Dating of Homer


  1. An 8th century date is still very often reported, even in scholarly sources, but generally only by people who aren’t actually making an argument for the date. When you see arguments, the dates are normally 7th century. 8th century datings are a scholarly habit, not a product of scholarship. Barbara Graziosi has put it very memorably (Inventing Homer, 2002, p. 91):
  2. the eighth-century date is more often stated than argued for.
  3. Martin West calls the persistence of 8th century datings of Homer a result of ‘dogmatic drag’ (Making of the Iliad, 2011, p. 16): Having been accustomed for generations to think of the formative period of epic as lying two or three centuries before the emergence of the lyric and elegiac poets, scholars continued, when they found themselves compelled to narrow the gap, to cling to the highest date for the Homeric poems that still seemed allowable. The middle of the eighth century became a favourite dating; possibly a little after 750, but certainly not as late as 700. The Iliad still had to be the best part of a century older than Archilochus.
  4. and then he goes on to dismantle it. West’s own arguments for a dating in the 600s are based on the following points:
    • (1) Pictorial depictions of Trojan War scenes appear from about 700 onwards, but depictions of scenes specifically in the Iliad only start to appear in the late 600s. (This is a valid point, but not as simple as West would like.)
    • (2) Literary allusions only start to appear in Mimnermus and Alcaeus, from the late 600s onwards.
    • (3) Some passages seem to show knowledge of the Hesiodic poems.

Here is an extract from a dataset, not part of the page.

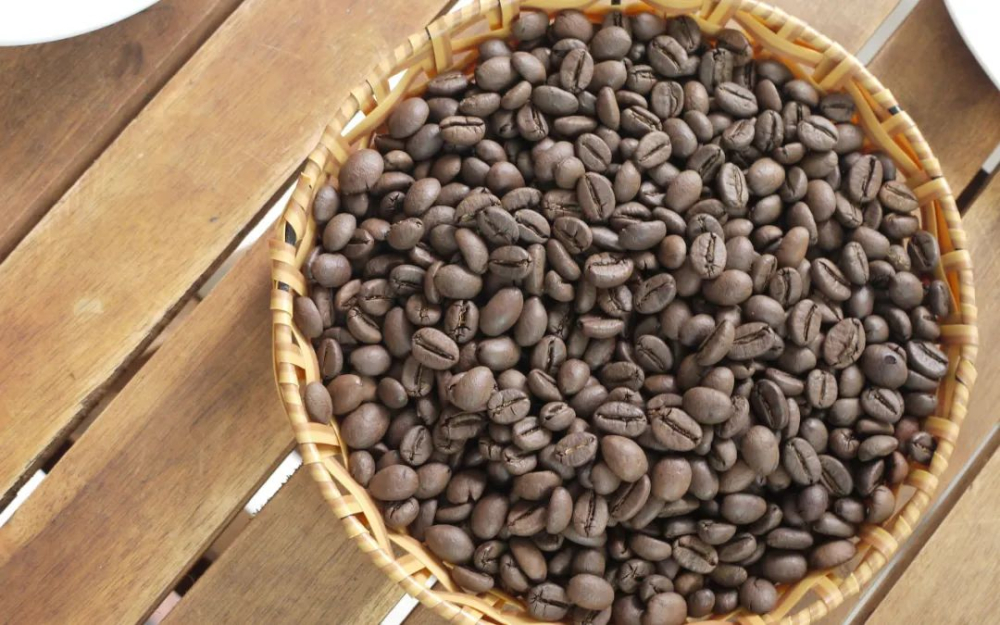 High-altitude Robusta from Vietnam: How anaerobic processing is reshaping traditional coffee perceptions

    • (4) Some passages seem to show knowledge of the kind of martial elegy that we see in Callinus and Tyrtaeus.
    • (5) Multiple passages in the Iliad take for granted general knowledge of Egypt, and Greek colonisation in the Black Sea.
    • (6) In particular, a passage about the wealth of Egyptian Thebes (Waset/Luxor) is likely to reflect that city’s status in the 25th Dynasty, 715-663 BCE. But the wealth of Thebes may have only came to international attention after the city was sacked by Ashurbanipal in 663. (This is compelling in itself, but the argument only applies to a single passage — and if we’re allowing for interpolations, we have to allow for the possibility that that passage is an interpolation.)
    • (7) One passage seems to indicate awareness of steppe pastoralists in Ukraine, again pointing to Greek exploration of the Black Sea.
    • (8) The design of Achilles’ shield in book 18 has its closest parallels in Cypro-Phoenician dishes and bowls of the period 710-675 BCE. (A valid point, but not all that compelling by itself.)
    • (9) Athena’s aegis and Agamemnon’s shield feature Gorgons, and external evidence for use of this device first appears around 670 BCE.
  5. Point 9 is by far his strongest argument — and a much stronger form of the same point appears in a 1994 article by Hans van Wees, ‘The Homeric way of war’ (Greece & Rome 41, two parts).
  6. The strength of point 9 is that the Gorgons appear in several parts of the Iliad. They can’t be dismissed as random one-offs, or as a product of interpolation. Van Wees makes a similar argument for a whole bunch of military equipment and practices — things that are described hundreds of times all over the epic. Van Wees has data: by comparison, West’s points are more like anecdata. Van Wees’s arguments for a post-700 and especially a post-670 dating are based on the Iliadic use of single-grip round shields; bronze greaves; soldiers armed with a single spear; and the overwhelming dominance of spears in death-scenes as the instrument of death. All of these can be tied to transitions in pictorial or material evidence, where the equipment does not appear or only very little prior to 700, but is very common in evidence after 700.